Confesso la mia completa incapacità di comprendere o almeno lontanamente intuire la folle violenza che muove certi gesti. Mi riferisco alla drammatica aggressione di una dozzina di giovani contro una ragazzina a Palermo, dopo averla fatta ubriacare e averle fatto perdere conoscenza. Il male esiste nel mondo e chi ha qualche capello bianco in testa conosce bene la sua presenza malefica, subdola ed incompressibile. Accadono cose contro ogni buon senso, contro ogni logica, contro ogni minimo sentimento di bene e di umanità. Le persone talvolta manifestano un tratto bestiale o forse anche questo aggettivo non descrive adeguatamente la cosa giacché non senti gesti simili nel mondo animale.

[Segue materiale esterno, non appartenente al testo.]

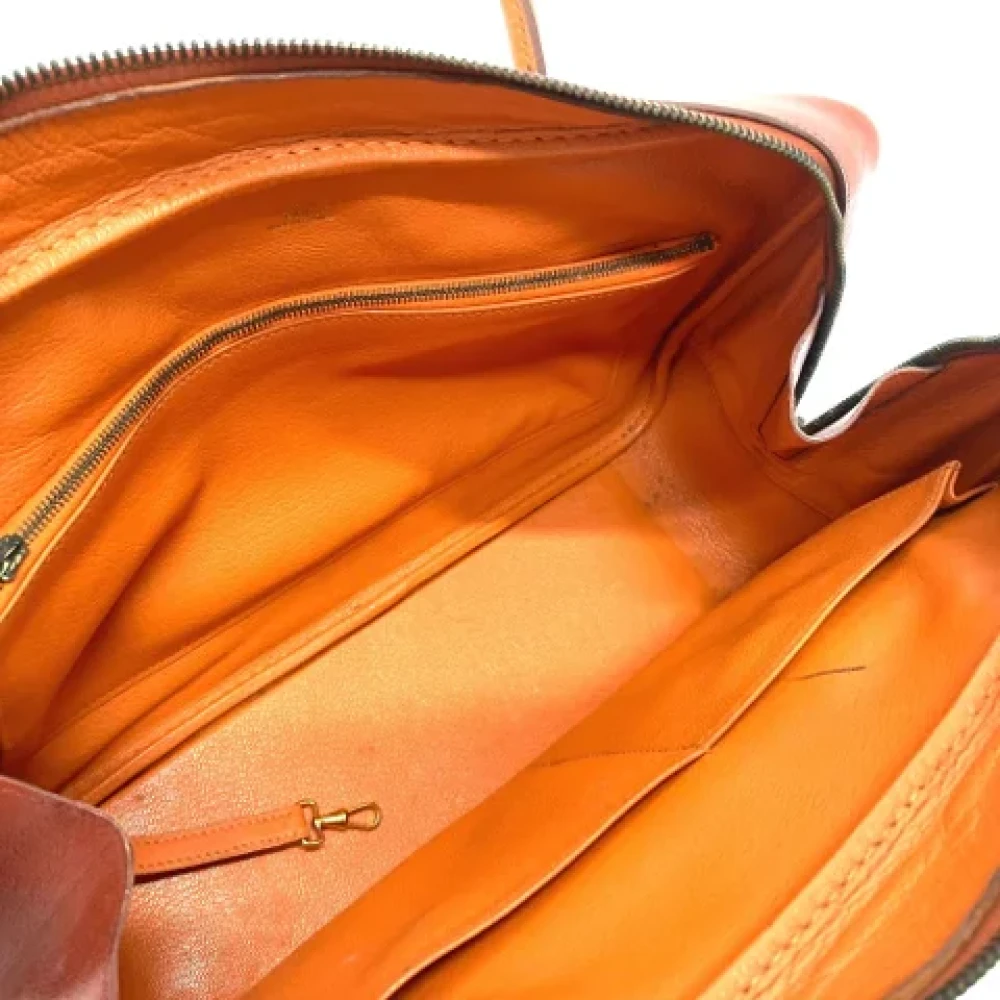 Hermès Vintage Pre-owned Leather handbags Orange Dames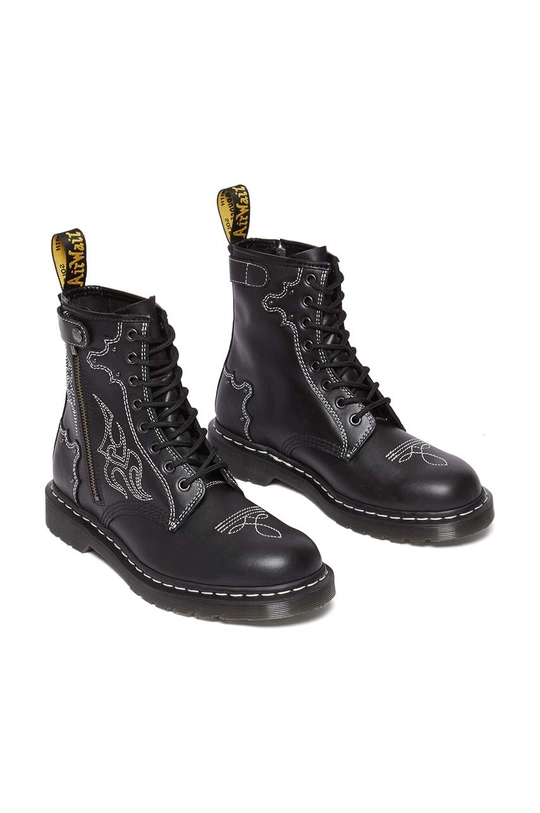 Dr. Martens stivali da motociclista in pelle 1460 Gothic Americana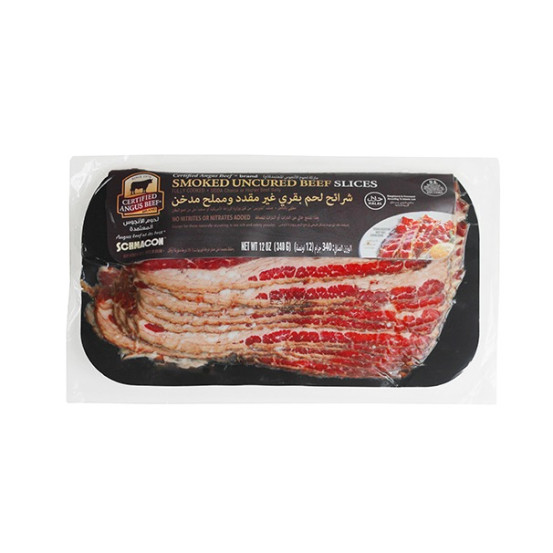 Beef Breakfast Bacon “schmacon” (CAB)  1X340gm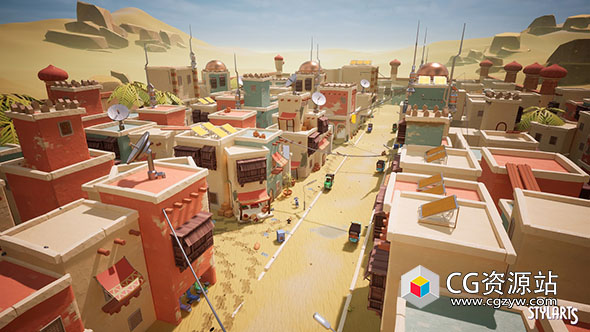 Unreal风格化印度城市游戏资产 Stylized Indian City UE4.26+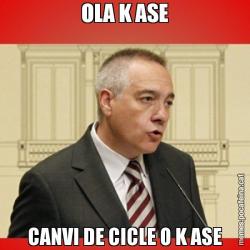 OLA K ASE CANVI DE CICLE O K ASE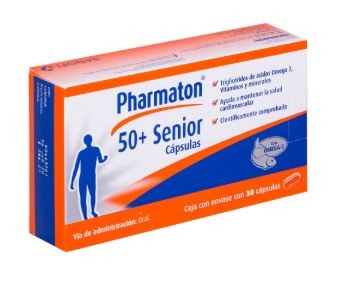 Multivitamínico Pharmaton 50+ Senior paquete de 30 cápsulas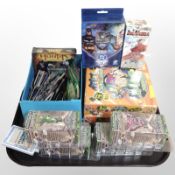 A group of collector's cards to include Huntik, DC, Dragon Ball Z, etc.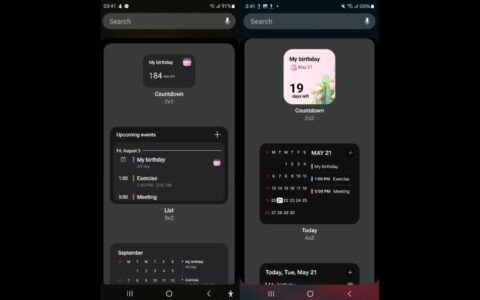三星One UI 7日历应用全新界面设计泄露，推出主屏幕小部件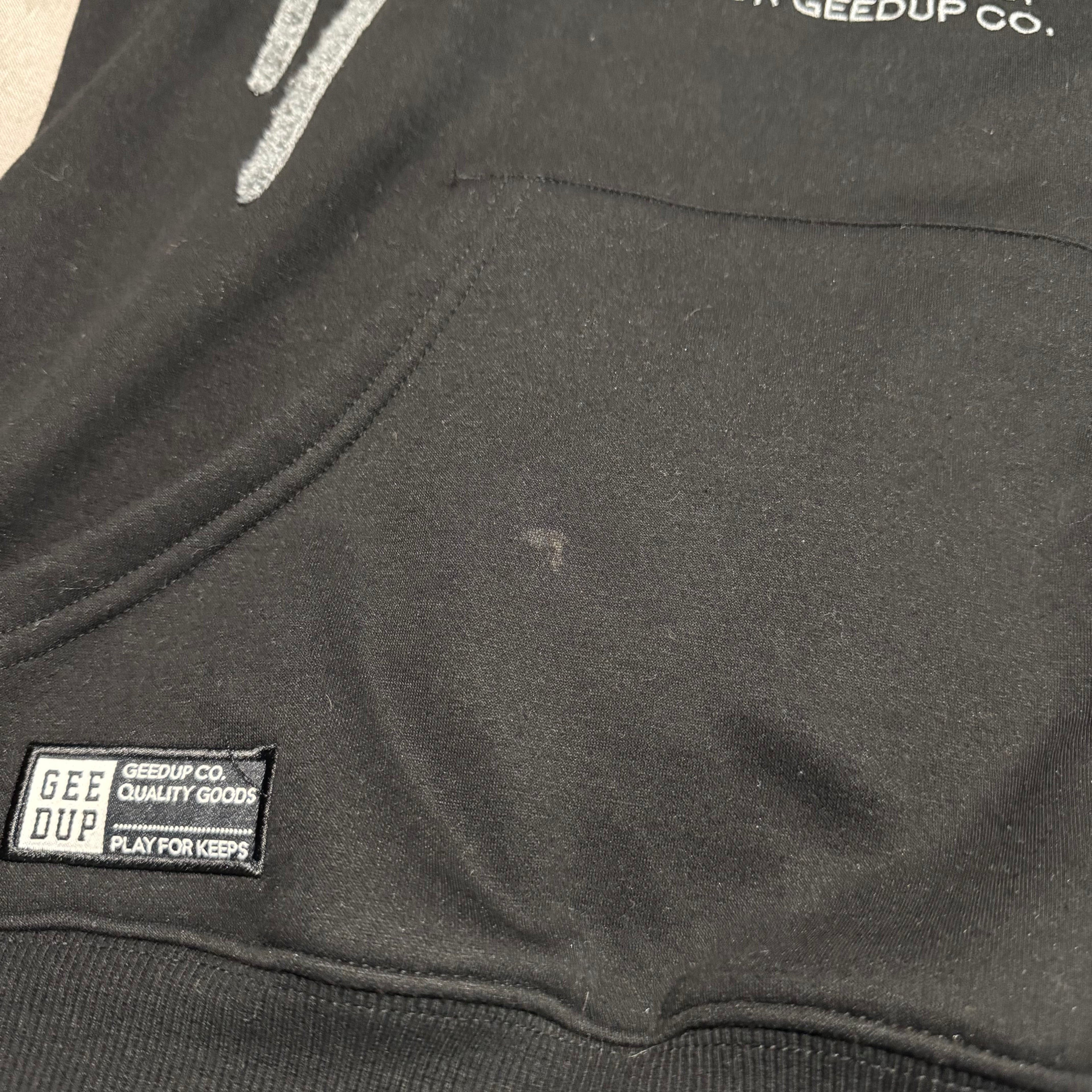 Geedup Handstyle Hoodie 'Black Grey' (Second hand)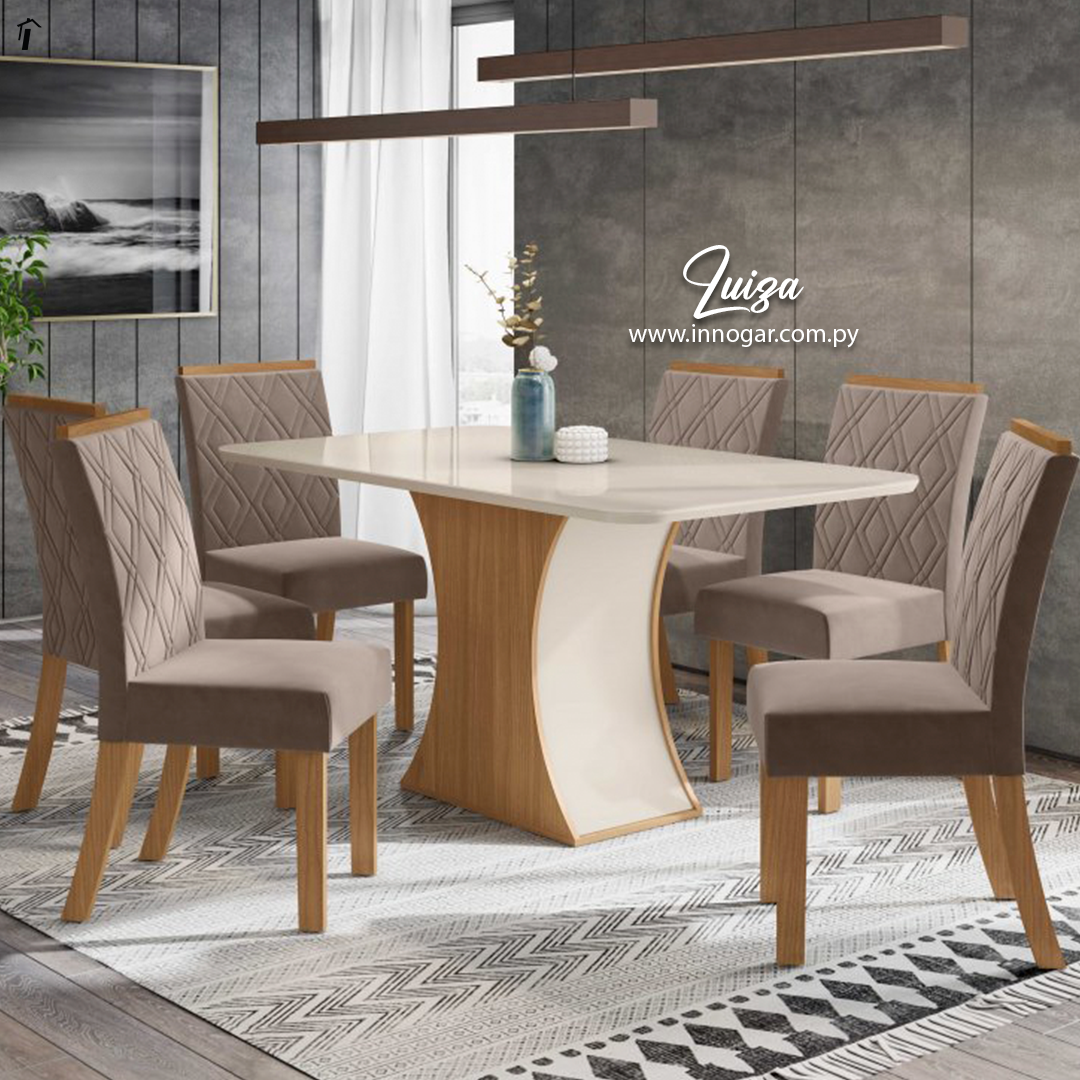 Juego de Comedor Luiza / Sillas Vita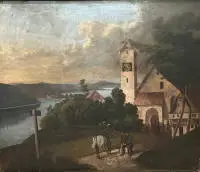 Horloge à tableau fin Biedermeier vers 1840-60, sud-allemande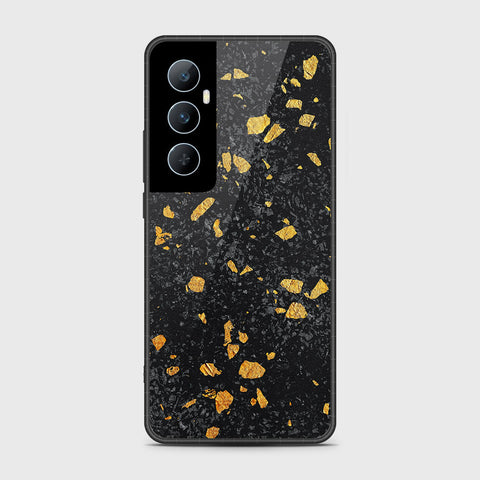 Realme C65 Cover- Black Marble Series - HQ Premium Shine Durable Shatterproof Case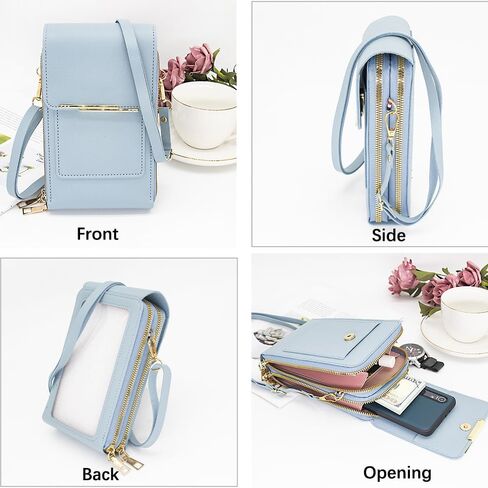 Retro All-Match Vertical Cellphone Bag,Small Leather Crossbody Purse Shoulder Crossbody Bags for Women in Saudi Arabia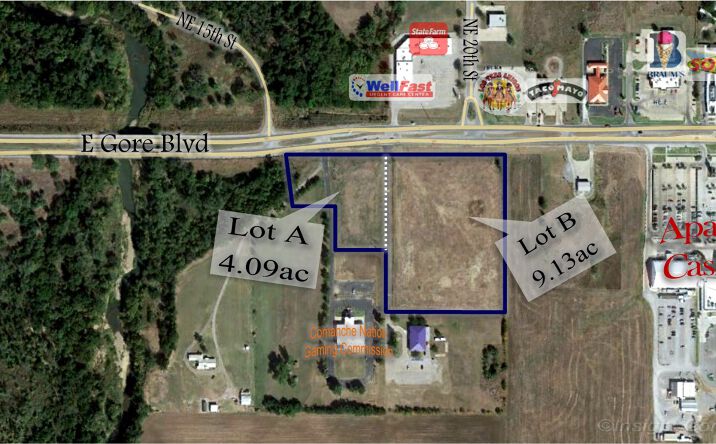 Pictures of Land property located at 1601 E Gore Blvd., Lawton, OK 73501 for sales - image #1
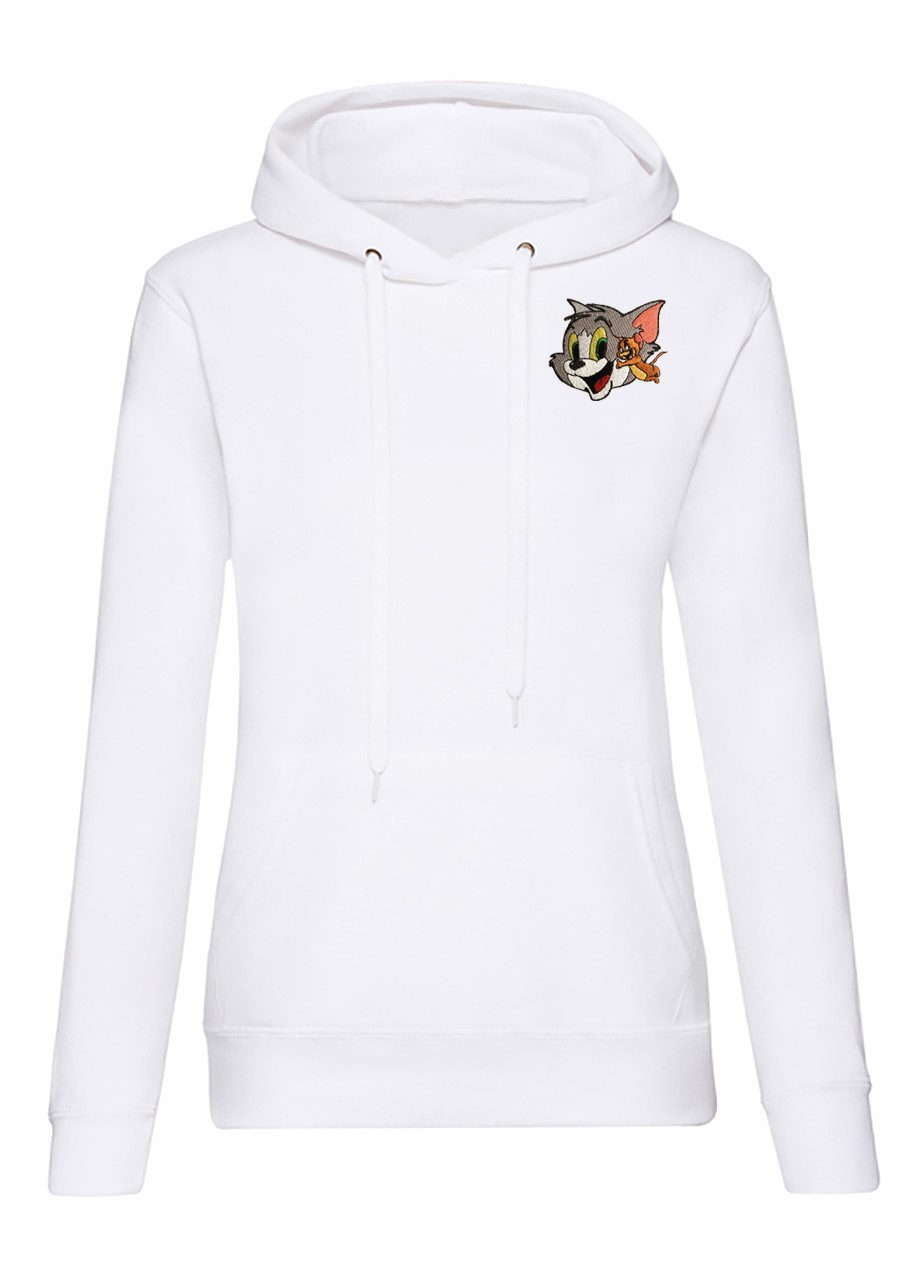 Blondie & Brownie Hoodie Tom und Jerry Hoodie Katz und Maus Comic Retro Vintage Damen Wear (Einzelstück, Einzelartikel) CartoonPatch Hoodie Klassik Streetwear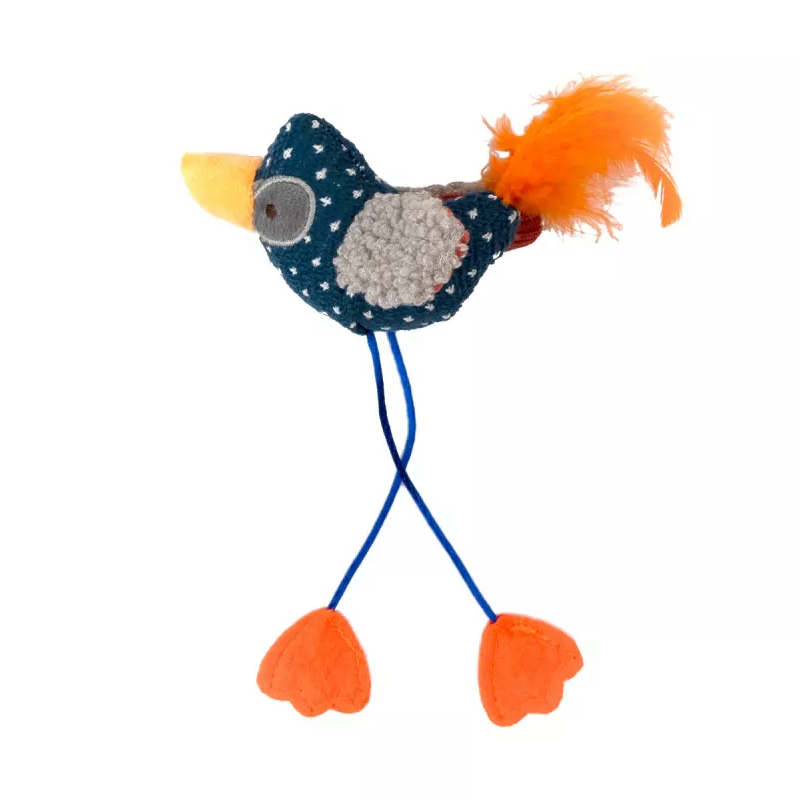 Hap paukštelis su katžole žaislais katėms, 15 cm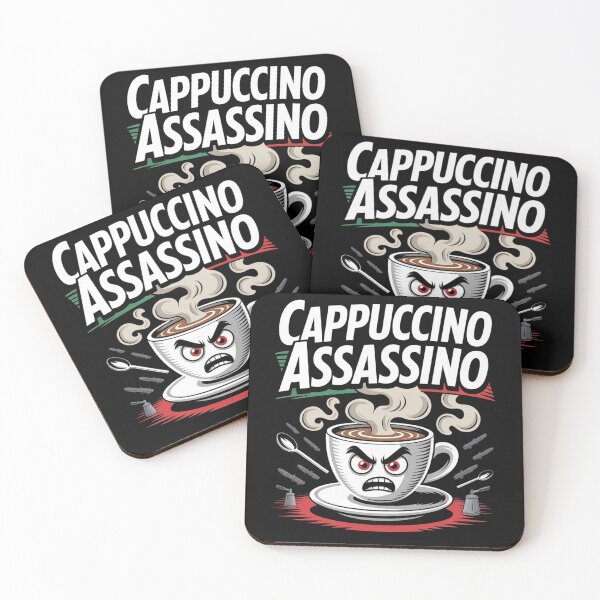 Item preview, Cappuccino Assassino Italian Meme   designed and sold by ManiaGrania.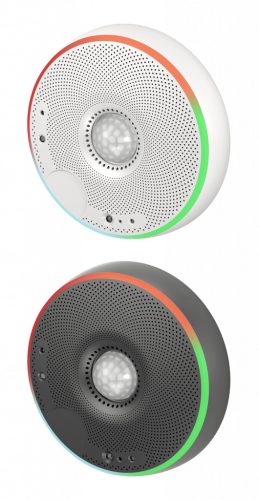 Sauter viaSens intelligens érzékelő, 12…34 VDC, MQTT/ETH, Bluetooth, TDIG, TFIR, HUM, VOC, CO2, PIR, LUX, SPL, Fehér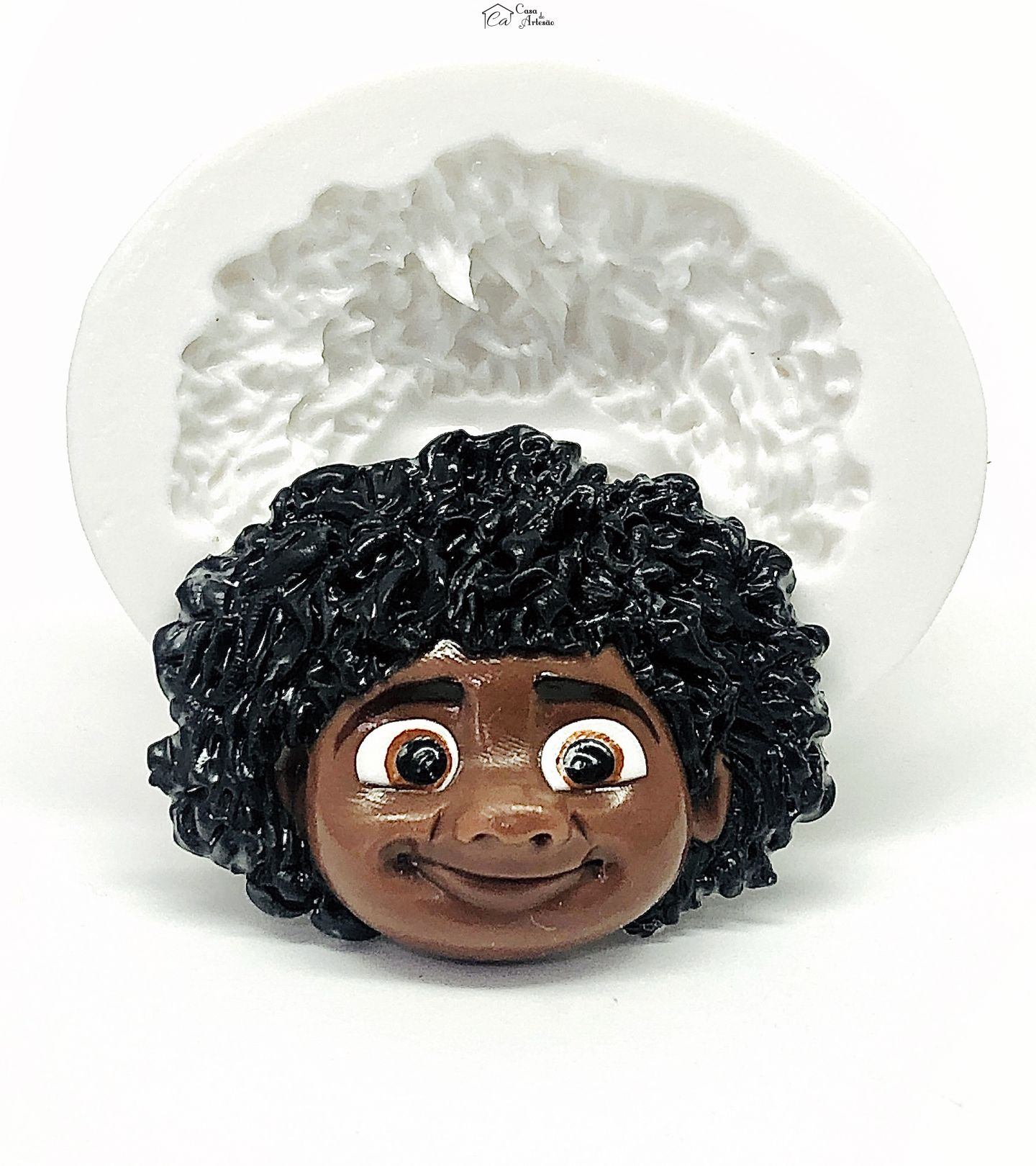 Molde de silicone - Encanto - Rosto Antonio - Grande - P1121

E la cosa che fa più male nel leggere certe notizie non è solo la giovanissima età dei protagonisti (tutti non più che ventenni), la brutalità dei gesti, l’assoluta mancanza di compassione umana ma, almeno per quel che provo io, la disumanità delle parole che pronunciano quando sono chiamati a rispondere dell’accaduto. Scrive in una chat uno degli arrestati: «Un po’ mi viene lo schifo perché eravamo ti giuro 100 cani sopra una gatta, una cosa di questa l’avevo vista solo in certi video. Eravamo troppi. Sinceramente mi sono schifato un poco, ma che dovevo fare? La carne è carne». Parole che danno il voltastomaco, che mettono nausea, che disgustano, che risvegliano in ciascuno di noi con un po’ di senso umano, un impeto di ira, vendetta e violenza.
Come è possibile che dei giovani siano arrivati a tanto? Che mondo abbiamo costruito se trovano spazio cosa del genere? Andiamo sulla luna, costruiamo armi potentissime e intelligentissime, sappiamo sconfiggere dei virus pericolosi e mortiferi e, nello stesso tempo, non siamo in grado di estirpare queste parole e questi atti dal cuore dei giovani? Si resta davvero basiti, pietrificati, annientati dal leggere certe cose…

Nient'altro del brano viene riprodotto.